%%

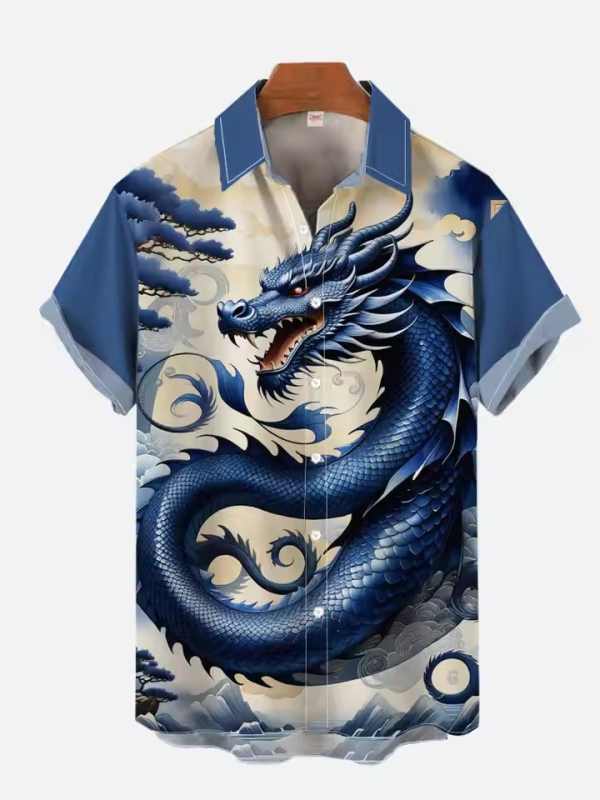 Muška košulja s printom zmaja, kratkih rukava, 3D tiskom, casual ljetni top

%%
%%

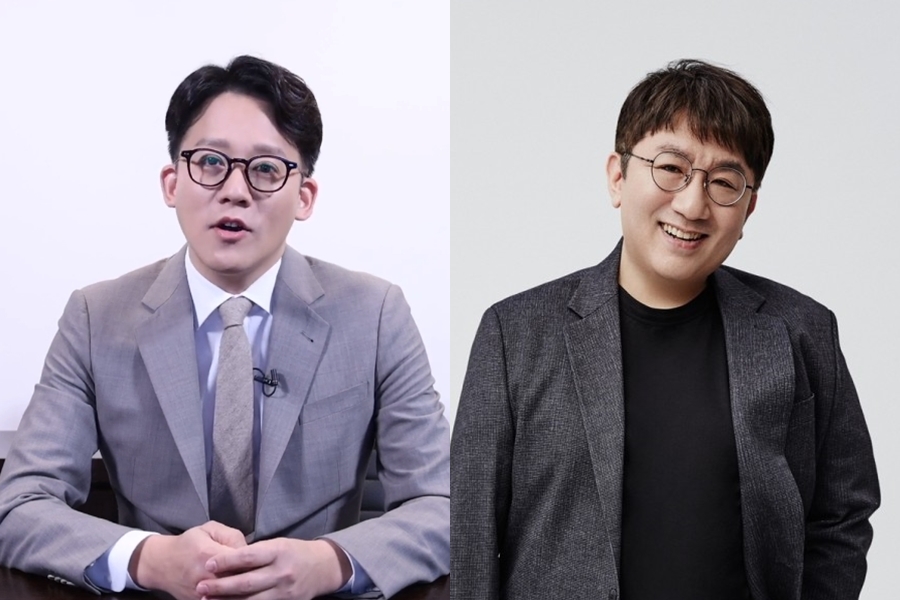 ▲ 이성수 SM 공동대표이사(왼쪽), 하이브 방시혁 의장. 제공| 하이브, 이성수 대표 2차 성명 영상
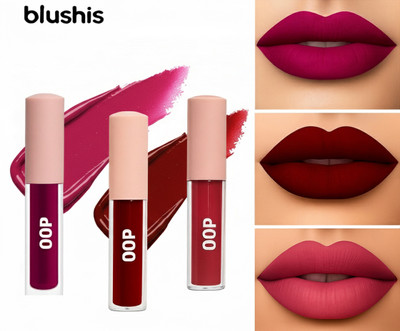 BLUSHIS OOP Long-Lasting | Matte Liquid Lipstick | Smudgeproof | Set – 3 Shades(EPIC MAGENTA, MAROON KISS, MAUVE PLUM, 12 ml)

%%
%%

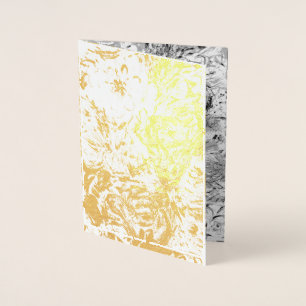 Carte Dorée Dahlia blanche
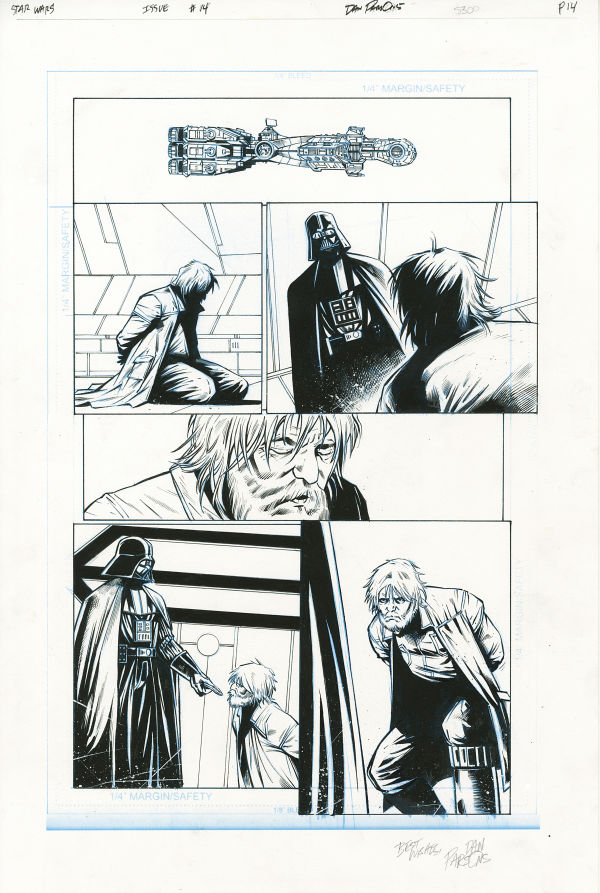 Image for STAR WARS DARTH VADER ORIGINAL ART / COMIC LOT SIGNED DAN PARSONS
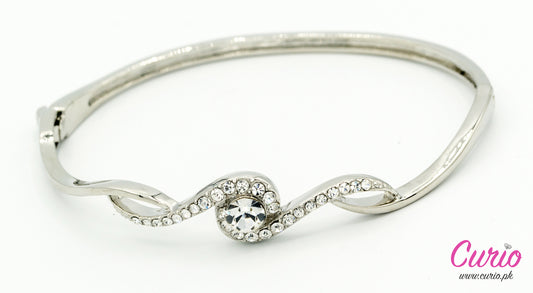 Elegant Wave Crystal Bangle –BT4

%%

■ About this task ■
Go down the entries above from the line containing "Image for STAR" to the line containing "Elegant Wave Crystal Bangle –BT4" and write out each line exactly, leaving pictures out.

■ Exercise response ■
 Image for STAR WARS DARTH VADER ORIGINAL ART / COMIC LOT SIGNED DAN PARSONS
 Elegant Wave Crystal Bangle –BT4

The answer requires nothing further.